Des cultivars de canne à sucre sont le point d’orgue des recherches menées à l’Université Fédérale de São Carlos (UFSCar). «Nous avons 16 cultivars autorisés pour plus de 150 usines», déclare la professeur Ana Lúcia Vitale Torkomian, directrice de l’Agence d’Innovation de l’UFSCar. «Leur singularité est de produire davantage d’éthanol et de sucre, outre le fait d’être plus résistants aux parasites et adaptés à notre climat». L’université a récemment créé un cultivar d’une variété de salade appelée Brunela, avec des feuilles crépues comme la variété brésilienne et croquante comme l’américaine, et adaptée à la culture sous des températures élevées et à la pluviosité.

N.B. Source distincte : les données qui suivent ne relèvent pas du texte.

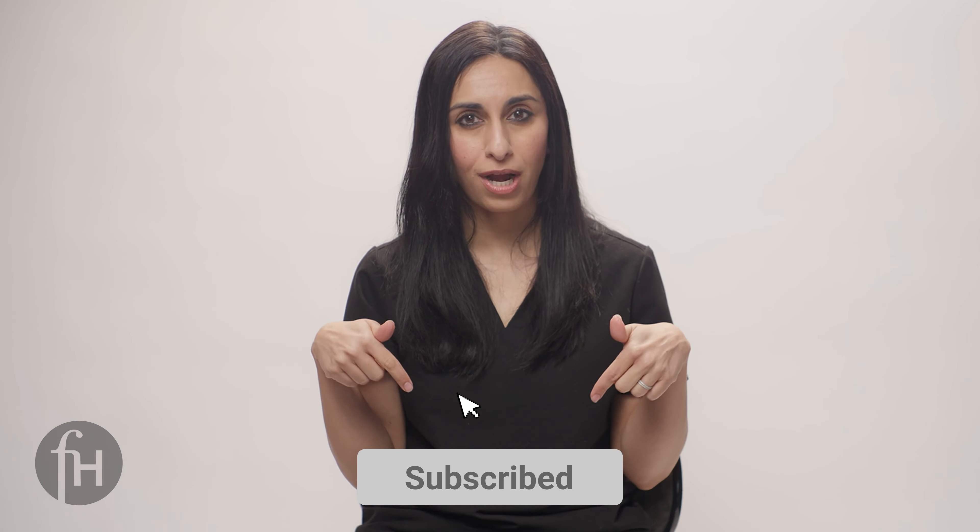I hope you found this helpful. The doctors at FemHealth are here for you and your family. Thank you for watching and be sure to like and subscribe below.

Les projets réussis ne sont pas uniquement liés à l’agrobusiness de l’UFSCar. Un projet a particulièrement attiré l’attention lors de son lancement, il s’agit de papier synthétique fabriqué à partir de déchets plastiques post-consommation, développé sous la coordination de la professeur Sati Manrich et produit par l’entreprise Vitopel depuis 2010. Lancé sous la marque Vitopaper, le papier synthétique ne se déchire pas, ne se mouille pas et absorbe 20% en moins d’encre durant l’impression. L’agence d’innovation, après cinq ans d’activité, a enregistré 93 demandes de brevet, 12 brevets obtenus, une marque, un programme informatique, outre les cultivars.
Projets
1. Production de graisse low trans et son application dans les aliments (2005/54796-4); Modalité Ligne Régulière d’Aide à Projet de Recherche; Coordination Lireny Guaraldo Gonçalves-Unicamp; Investissement 267 760,00 réais (FAPESP).
2. Viabilisation de la production à grande échelle d’un photomètre pour déterminer la teneur d’éthanol en alcool carburant et essence (2011/51061-4 et 2011/52004-4); Modalité Recherche Novatrice en Petites Entreprises (Pipe) et Programme de Soutien à la Recherche en Entreprises (Pappe); Coordination Ismael Pereira Chagas-Tech Chrom; Investissement 205 667,29 réais (FAPESP) et 195 930,00 réais (Finep).
3. Études sur des films multicouches de composites de thermoplastiques vierges et recyclés pour leur application à l’écrit et à l’impression (2003/06113-0); Modalité Ligne Régulière d’Aide à Projet de Recherche; Coordination Sati Manrich-UFSCar; Investissement 69 518,53 réais (FAPESP).